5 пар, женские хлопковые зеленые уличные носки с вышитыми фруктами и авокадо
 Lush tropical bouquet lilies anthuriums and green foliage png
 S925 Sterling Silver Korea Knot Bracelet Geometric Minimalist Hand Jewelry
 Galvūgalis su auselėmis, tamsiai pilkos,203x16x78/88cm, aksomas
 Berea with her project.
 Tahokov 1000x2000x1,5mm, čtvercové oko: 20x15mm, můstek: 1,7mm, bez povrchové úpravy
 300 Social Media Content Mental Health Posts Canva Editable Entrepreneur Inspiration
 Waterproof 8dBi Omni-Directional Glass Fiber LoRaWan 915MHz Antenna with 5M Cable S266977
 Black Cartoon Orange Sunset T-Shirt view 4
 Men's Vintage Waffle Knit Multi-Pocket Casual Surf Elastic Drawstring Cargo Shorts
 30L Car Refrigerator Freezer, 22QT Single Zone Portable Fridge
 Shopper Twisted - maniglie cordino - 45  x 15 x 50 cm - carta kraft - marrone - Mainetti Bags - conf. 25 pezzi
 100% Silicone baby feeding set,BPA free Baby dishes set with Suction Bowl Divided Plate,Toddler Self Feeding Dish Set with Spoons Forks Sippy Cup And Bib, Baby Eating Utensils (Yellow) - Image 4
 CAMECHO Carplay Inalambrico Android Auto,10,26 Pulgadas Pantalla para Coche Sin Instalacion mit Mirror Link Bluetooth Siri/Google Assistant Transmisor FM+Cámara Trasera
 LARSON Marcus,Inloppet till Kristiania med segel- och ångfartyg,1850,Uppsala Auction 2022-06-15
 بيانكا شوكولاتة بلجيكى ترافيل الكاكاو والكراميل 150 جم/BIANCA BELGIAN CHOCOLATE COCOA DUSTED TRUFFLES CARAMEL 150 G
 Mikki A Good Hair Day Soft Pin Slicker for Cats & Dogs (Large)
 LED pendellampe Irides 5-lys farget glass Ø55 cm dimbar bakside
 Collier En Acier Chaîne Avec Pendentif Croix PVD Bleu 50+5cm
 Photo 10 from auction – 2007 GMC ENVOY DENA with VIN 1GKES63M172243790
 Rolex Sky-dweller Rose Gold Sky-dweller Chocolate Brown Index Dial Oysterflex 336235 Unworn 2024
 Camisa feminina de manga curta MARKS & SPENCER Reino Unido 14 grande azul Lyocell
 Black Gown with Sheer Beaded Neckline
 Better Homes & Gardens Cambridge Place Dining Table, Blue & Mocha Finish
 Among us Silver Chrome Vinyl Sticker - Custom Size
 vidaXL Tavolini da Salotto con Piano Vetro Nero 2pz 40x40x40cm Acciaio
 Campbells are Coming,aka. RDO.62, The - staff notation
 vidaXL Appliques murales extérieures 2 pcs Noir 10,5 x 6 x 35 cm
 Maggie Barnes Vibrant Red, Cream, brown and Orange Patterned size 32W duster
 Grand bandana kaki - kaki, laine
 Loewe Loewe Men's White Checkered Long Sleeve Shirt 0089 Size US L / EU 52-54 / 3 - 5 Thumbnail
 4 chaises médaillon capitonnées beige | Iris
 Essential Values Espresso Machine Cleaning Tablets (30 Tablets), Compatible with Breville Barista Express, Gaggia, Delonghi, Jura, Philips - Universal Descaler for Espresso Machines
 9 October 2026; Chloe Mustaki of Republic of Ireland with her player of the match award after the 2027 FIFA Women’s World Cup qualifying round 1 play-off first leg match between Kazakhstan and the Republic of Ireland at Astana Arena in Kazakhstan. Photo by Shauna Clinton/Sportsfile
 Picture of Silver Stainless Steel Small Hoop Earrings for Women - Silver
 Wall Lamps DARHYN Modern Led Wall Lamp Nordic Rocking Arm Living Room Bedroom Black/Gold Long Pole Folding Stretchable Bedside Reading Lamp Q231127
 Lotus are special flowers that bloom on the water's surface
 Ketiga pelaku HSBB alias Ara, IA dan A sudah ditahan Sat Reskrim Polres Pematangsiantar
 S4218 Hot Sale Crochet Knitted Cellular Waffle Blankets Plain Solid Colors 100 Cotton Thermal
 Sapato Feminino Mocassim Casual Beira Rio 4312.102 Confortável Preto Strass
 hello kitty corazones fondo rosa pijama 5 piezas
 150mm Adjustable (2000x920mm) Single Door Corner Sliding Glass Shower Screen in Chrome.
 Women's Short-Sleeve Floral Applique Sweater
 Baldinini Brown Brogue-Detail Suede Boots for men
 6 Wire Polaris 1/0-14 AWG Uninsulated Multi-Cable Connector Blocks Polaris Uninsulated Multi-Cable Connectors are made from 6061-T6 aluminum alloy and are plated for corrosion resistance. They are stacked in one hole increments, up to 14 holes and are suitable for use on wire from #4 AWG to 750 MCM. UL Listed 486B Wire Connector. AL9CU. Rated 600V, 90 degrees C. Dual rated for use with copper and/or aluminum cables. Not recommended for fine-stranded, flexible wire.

YOUR INSTRUCTIONS: The required output is the set of lines from the first line of the data through the line that contains "Rolex Sky-dweller Rose", transcribed exactly.

RESULT OF THE TASK:
5 пар, женские хлопковые зеленые уличные носки с вышитыми фруктами и авокадо
 Lush tropical bouquet lilies anthuriums and green foliage png
 S925 Sterling Silver Korea Knot Bracelet Geometric Minimalist Hand Jewelry
 Galvūgalis su auselėmis, tamsiai pilkos,203x16x78/88cm, aksomas
 Berea with her project.
 Tahokov 1000x2000x1,5mm, čtvercové oko: 20x15mm, můstek: 1,7mm, bez povrchové úpravy
 300 Social Media Content Mental Health Posts Canva Editable Entrepreneur Inspiration
 Waterproof 8dBi Omni-Directional Glass Fiber LoRaWan 915MHz Antenna with 5M Cable S266977
 Black Cartoon Orange Sunset T-Shirt view 4
 Men's Vintage Waffle Knit Multi-Pocket Casual Surf Elastic Drawstring Cargo Shorts
 30L Car Refrigerator Freezer, 22QT Single Zone Portable Fridge
 Shopper Twisted - maniglie cordino - 45  x 15 x 50 cm - carta kraft - marrone - Mainetti Bags - conf. 25 pezzi
 100% Silicone baby feeding set,BPA free Baby dishes set with Suction Bowl Divided Plate,Toddler Self Feeding Dish Set with Spoons Forks Sippy Cup And Bib, Baby Eating Utensils (Yellow) - Image 4
 CAMECHO Carplay Inalambrico Android Auto,10,26 Pulgadas Pantalla para Coche Sin Instalacion mit Mirror Link Bluetooth Siri/Google Assistant Transmisor FM+Cámara Trasera
 LARSON Marcus,Inloppet till Kristiania med segel- och ångfartyg,1850,Uppsala Auction 2022-06-15
 بيانكا شوكولاتة بلجيكى ترافيل الكاكاو والكراميل 150 جم/BIANCA BELGIAN CHOCOLATE COCOA DUSTED TRUFFLES CARAMEL 150 G
 Mikki A Good Hair Day Soft Pin Slicker for Cats & Dogs (Large)
 LED pendellampe Irides 5-lys farget glass Ø55 cm dimbar bakside
 Collier En Acier Chaîne Avec Pendentif Croix PVD Bleu 50+5cm
 Photo 10 from auction – 2007 GMC ENVOY DENA with VIN 1GKES63M172243790
 Rolex Sky-dweller Rose Gold Sky-dweller Chocolate Brown Index Dial Oysterflex 336235 Unworn 2024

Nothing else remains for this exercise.